The physical appearance of a Galloway nag was similar to a small pony in stature, but they were very stocky and quite sturdy. Miriam describes them this way:
[Galloway nags were] technically extinct before photography [so there are no pictures of Galloway nags today] Closest relative [are the] Dales ponies of Northern England and the Highland ponies of Scotland. [There is] little evidence in terms of skeletal remains, nothing in museums or drawings, [but there is one] description from the 19th century [that describes them pretty well].
A horse between thirteen and fourteen hands in height is called a GALLOWAY, from a beautiful breed of little horses once found in the south of Scotland, on the shore of the Solway Firth, but now sadly degenerated, and almost lost, through the attempts of the farmer to obtain a larger kind, and better adapted for the purposes of agriculture. There is a tradition in that country, that the breed is of Spanish extraction, some horses having escaped from one of the vessels of the Grand Armada, that was wrecked on the neighbouring coast. This district, however, so early as the time of Edward I, supplied that monarch with a great number of horses. The pure galloway was said to be nearly fourteen hands high, and sometimes more; of a bright bay, or brown, with black legs, small head and neck, and peculiarly deep and clean legs. Its qualities were speed, stoutness, and sure footedness over a very rugged and mountainous country.” – from William Youhatt, 1831
Miriam points out, importantly, that not all of this description is accurate, however, pointing out that,
[There were] no horses on the ships of the Spanish Armada. There were pack animals and mules, most lost overboard in the storm. By the 19th century, ROmantic beautiful horse. They have significantly known for speed and endurance. Easy keeper. Inexpensive.

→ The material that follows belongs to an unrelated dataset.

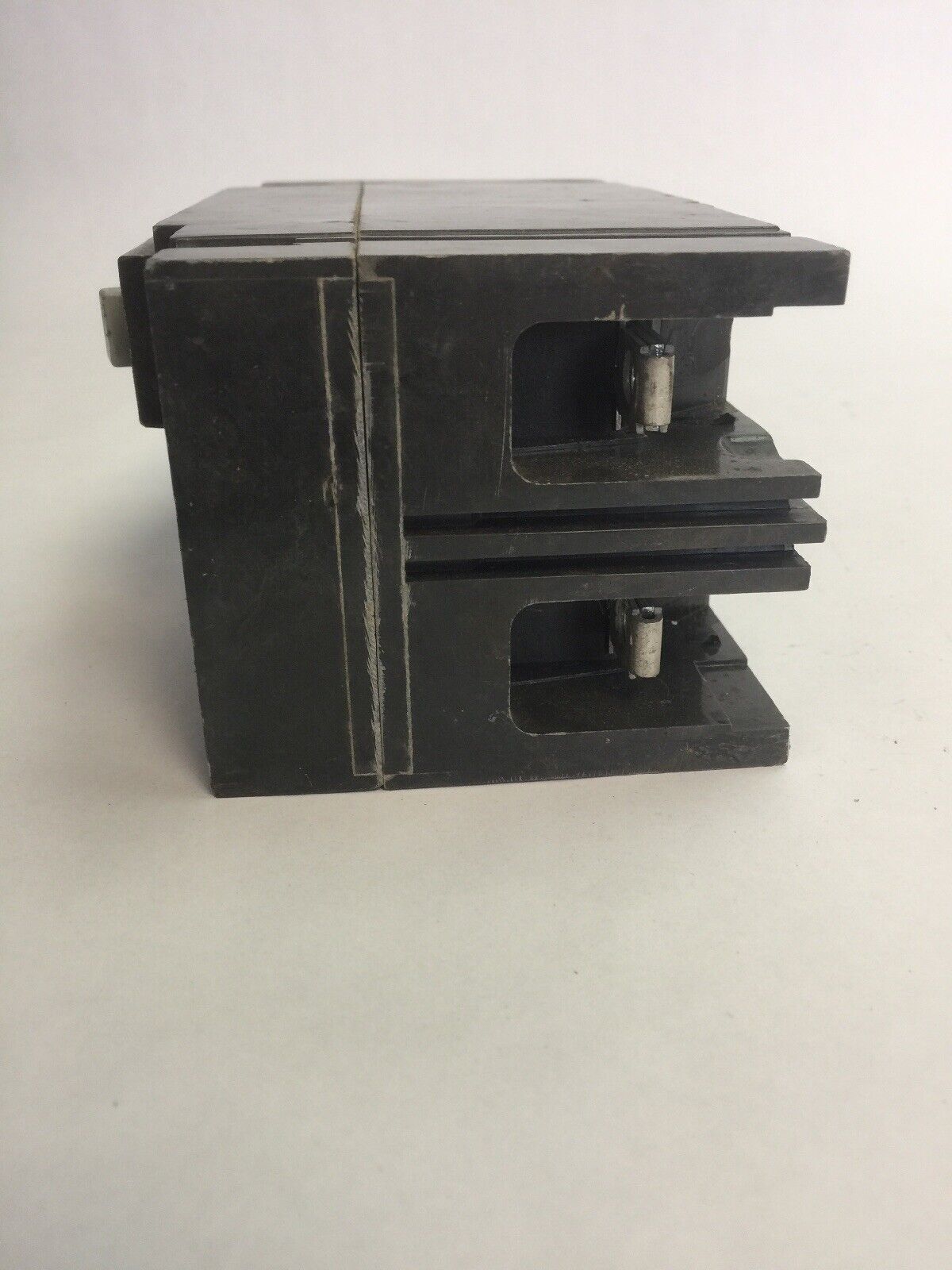 GE TED124060 INDUSTRIAL CIRCUIT BREAKER 60AMP 480VAC 250VDC 3 POLE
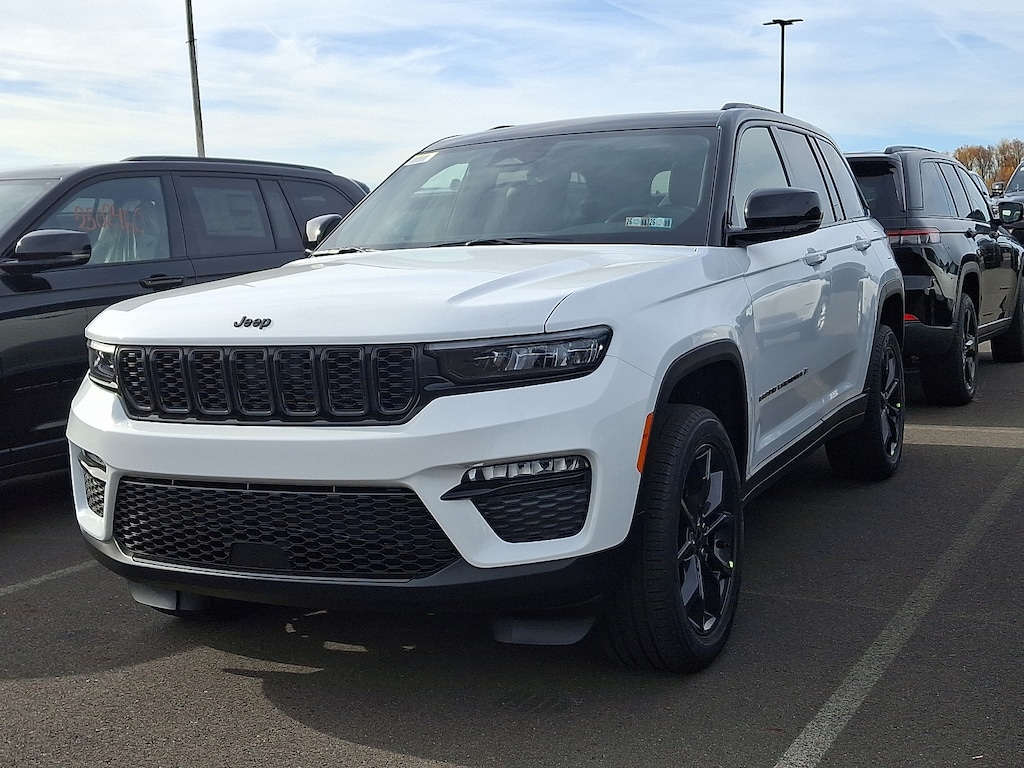 New 2025 Jeep Grand Cherokee Limited 4x4 Sport Utility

Yea, but ’tis like that they will know us by our
horses, by our habits and by every other
appointment, to be ourselves.
Galloway Nags Were Technically Illegal under James I
Galloway nags were considered illegal before the unification of England and Scotland. Miriam explains that this law about importing Galloway nags was not specific to Galloway, but extended to all horses crossing the borders of England.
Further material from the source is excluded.